> _About this exercise_:
Reproduce the section of the listing that begins at the line containing "RYB HOME RV" and finishes at the line containing "Oil - Image 4". Include both end lines and nothing beyond them.

> _Records for processing_:
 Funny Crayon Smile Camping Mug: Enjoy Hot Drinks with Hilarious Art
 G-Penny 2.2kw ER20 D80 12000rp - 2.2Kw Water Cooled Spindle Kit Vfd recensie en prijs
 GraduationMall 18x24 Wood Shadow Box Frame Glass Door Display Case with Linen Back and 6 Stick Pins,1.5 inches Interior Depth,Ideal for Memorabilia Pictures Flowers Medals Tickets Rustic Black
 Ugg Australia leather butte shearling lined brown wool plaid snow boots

==

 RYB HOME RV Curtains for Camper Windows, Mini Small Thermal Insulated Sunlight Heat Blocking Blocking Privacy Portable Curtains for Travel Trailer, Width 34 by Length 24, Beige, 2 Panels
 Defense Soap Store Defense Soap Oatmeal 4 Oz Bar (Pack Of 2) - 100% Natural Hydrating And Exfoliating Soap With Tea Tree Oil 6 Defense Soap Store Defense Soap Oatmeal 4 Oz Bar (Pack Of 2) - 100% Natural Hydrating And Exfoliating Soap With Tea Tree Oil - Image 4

> _Completed exercise_:
 RYB HOME RV Curtains for Camper Windows, Mini Small Thermal Insulated Sunlight Heat Blocking Blocking Privacy Portable Curtains for Travel Trailer, Width 34 by Length 24, Beige, 2 Panels
 Defense Soap Store Defense Soap Oatmeal 4 Oz Bar (Pack Of 2) - 100% Natural Hydrating And Exfoliating Soap With Tea Tree Oil 6 Defense Soap Store Defense Soap Oatmeal 4 Oz Bar (Pack Of 2) - 100% Natural Hydrating And Exfoliating Soap With Tea Tree Oil - Image 4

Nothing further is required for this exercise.